Argument Description
--source-server SOURCE_SERVER Source Server Hostname (Default: http://127.0.0.1)
--skip-drivers Skip JDBC Driver migration (true/false)
--skip-profiles Skip API Profile migration (true/false)
--skip-projects Skip Matillion Project migration (true/false)
--skip-schedules Skip Schedule migration (otherwise schedules are migrated but disabled) (true/false)
--skip-sqssetup Skip SQS Listener setup (even when included queues are initially disabled) (true/false)
--skip-oauth Skip OAuth Token migration (true/false)
--allow-deletes Allow deleting same-named resources. Projects are deleted and recreated. (true/false)
--project-filter PROJECT_FILTER Regular Expression to match against Group- name/Project-name/Version-name; default .* (migrate everything)

Usage:

migrate_server.py [-h] [--source-server SOURCE_SERVER] [--skip-drivers][--skip-profiles] [--skip-projects][--skip-schedules] [--skip-sqssetup] [--skip-oauth][--allow-deletes] [--project-filter PROJECT_FILTER] target_server

Example

Below is a generic example for running the server migration tool from an SSH session with the necessary updates that may be required to run to script.

Note

If you're running the server migration tool from the source or the target server, use your private IP or 127.0.0.1:8080 to identify localhost instead of using the IP address.
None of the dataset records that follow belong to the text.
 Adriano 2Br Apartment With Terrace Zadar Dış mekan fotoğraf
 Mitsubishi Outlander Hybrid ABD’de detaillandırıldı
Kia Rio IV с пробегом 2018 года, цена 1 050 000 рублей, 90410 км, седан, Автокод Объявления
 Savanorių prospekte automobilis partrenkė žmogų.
Servers may not recognize their public IP and may throw an error.

  1. Copy the migrate.py script.
  2. Save the script to /tmp and use the following three commands, replacing the source and targer server IPs with your own:

    sudo yum install python34-pip.noarch
    
    sudo pip-3.4 install requests
    
    sudo /tmp/migrate_server.py --allow-deletes --source-server http://source-server-ip http://target-server-ip
    
  3. You'll need to provide source credentials (ec2-user/instance-id) and target credentials (ec2-user/instance-id). The migrate.py script will then proceed to migrate all available assets.

    Note

    Schedules on the new server will be disabled by default.

  4. Disable SQS integration on the old server and shutdown the server.

  5. On the new server, enable SQS integration and enable all schedules.

migrate.py script

#! /usr/bin/env python3
import argparse
import requests
from urllib.parse import urlparse
import getpass
import logging
import re
import json

logging.basicConfig(level=logging.INFO, format='%(asctime)s - %(levelname)s - %(message)s')

REST_ENDPOINT = '/rest/v1'
LEGACY_ENDPOINT = '/rest/v0'

source_session = requests.Session()
target_session = requests.Session()


def main(args):
    # Setup auth for source_session, if prompted
    response = source_session.get(_rest('/apiprofile', server=args.source_server))
    if response.status_code == requests.status_codes.codes.UNAUTHORIZED:
        user = input('Username for {}: '.format(args.source_server))
        pwd = getpass.getpass('Password: ')
        source_session.auth = (user, pwd)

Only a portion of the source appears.